Senior bonds and deposits would be left unscathed. The bank is also likely to press ahead with plans to hive off €28bn in soured loans to a securitisation vehicle supported by a government guarantee.
“Whatever solution is found for Monte dei Paschi, I believe there is in particular,” said Megan Greene, chief economist at Manulife Asset Management.
Meanwhile, the ratings agency Fitch doesn’t like the political risks:
The “No” vote at the constitutional referendum has further heightened political uncertainty and possibly reduced the capacity to implement economic reforms. The risks from political instability were one factor that contributed to our revision of the Outlook on Italy’s ‘BBB+’ sovereign rating to Negative in October.

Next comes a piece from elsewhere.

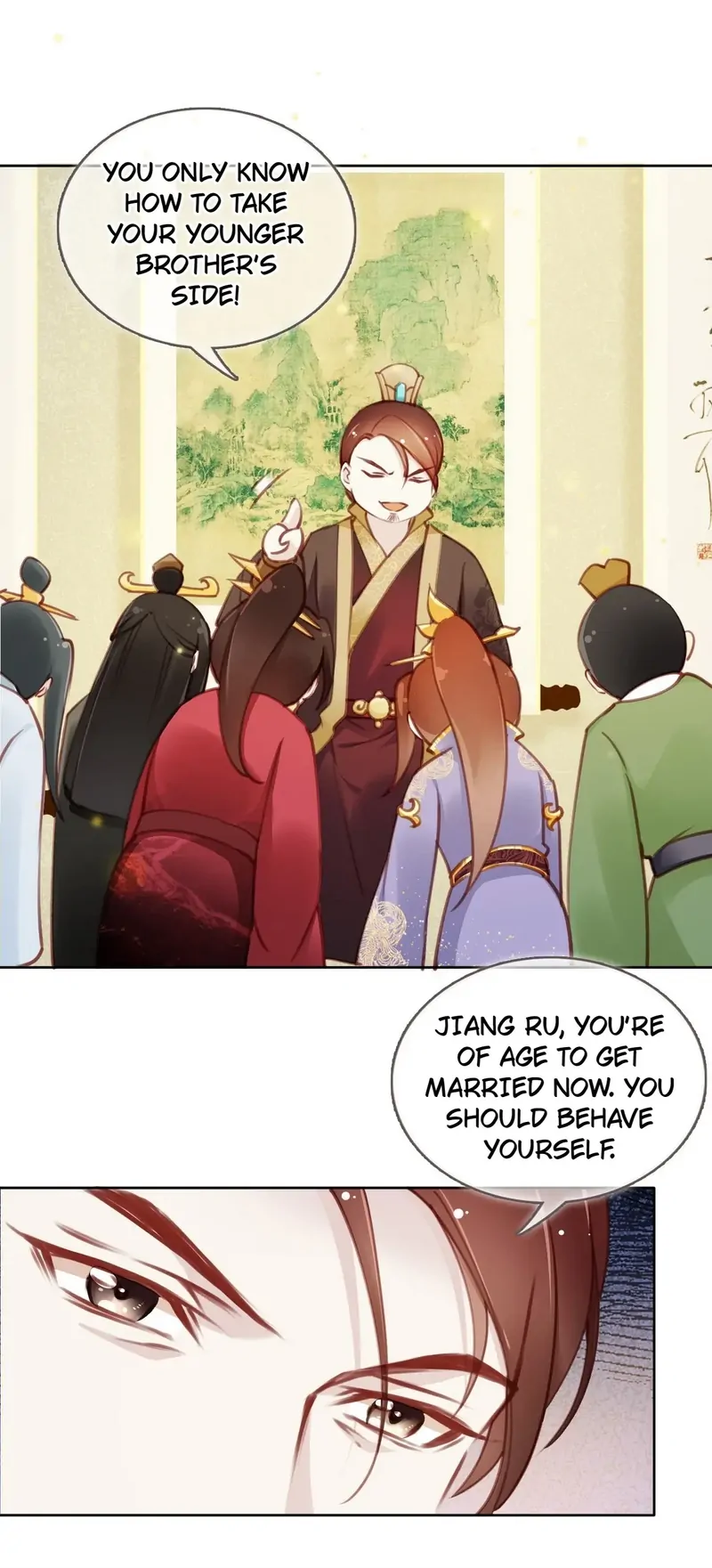 She Became the Sickly Prince's First Love Chapter 8 - page 26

The banking situation clearly demands the full Yves treatment, which I’m not capable of giving it. From what I can glean, Renzi is being kept around so he can sign whatever papers the technocrats come up with, hopefully by the end of the week. And surely five billion euros is a rather trivial sum? If the investors — private or public — can be offered suitable inducements, surely a collapse and contagion can be avoided? Even at the cost of a populist uprising by bailed in small investors, should it come to that? And how can Qatar back out of a deal that was so palpably bad to begin with?
The whole situation reminds me of the famous saying by Karl Kraus: “In Berlin, things are serious but not hopeless. In Vienna, they are hopeless but not serious.” Still true in Berlin today, and substitute Rome for Vienna. Things are different for the voters, of course. They always are…

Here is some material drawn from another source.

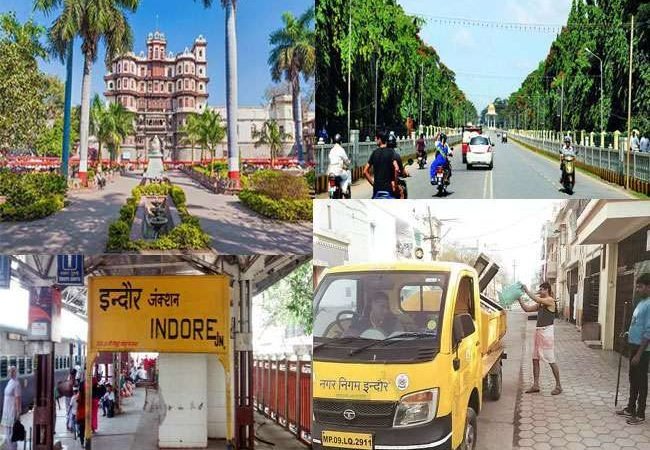 भारत का फिर सबसे स्वच्छ शहर बना इंदौर, जानें- कौन सा राज्य है सबसे साफ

Appendix: The Curious Case of Five Star
Many sources agree that had the referendum passed, Beppe Grillo’s Five Star Movement would have benefitted. Jacobin:
If Yes had won, we would have risked ending up with a Five Star Movement or right-wing government with much greater executive powers than the ones currently allowed by the constitution. Not to speak of the majority system bonus’s effects. And even in the case Renzi had managed to secure a majority for the center-left at the next elections, we would have ended up with more neoliberalism and with an even stronger government with no space for effective opposition.

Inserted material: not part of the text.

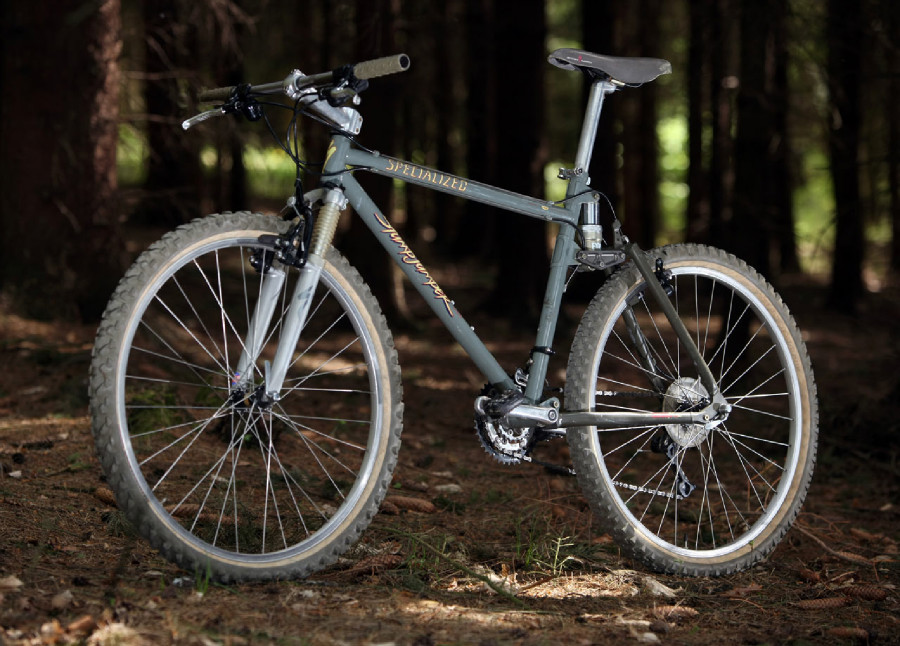 Specialized Stumpjumper FSR 1994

The risk of Mr Renzi’s scheme is that the main beneficiary will be Beppe Grillo, a former comedian and leader of the Five Star Movement (M5S), a discombobulated coalition that calls for a referendum on leaving the euro. It is running just a few points behind Mr Renzi’s Democrats in the polls and recently won control of Rome and Turin. The spectre of Mr Grillo as prime minister, elected by a minority and cemented into office by Mr Renzi’s reforms, is one many Italians—and much of Europe—will find troubling.
Ironically Renzi’s reforms to the constitution and senate would have made it easier for the eurosceptic Five Star Movement to gain power in upcoming elections in 2018.
And now the puzzling part. Still the New Statesman:
For reasons best known to themselves, they campaigned against the changes to their own disadvantage.
Can somebody who actually understands Italian politics — assuming, for the sake of the argument, that this is possible — explain why the Five Star Movement campaigned as it did?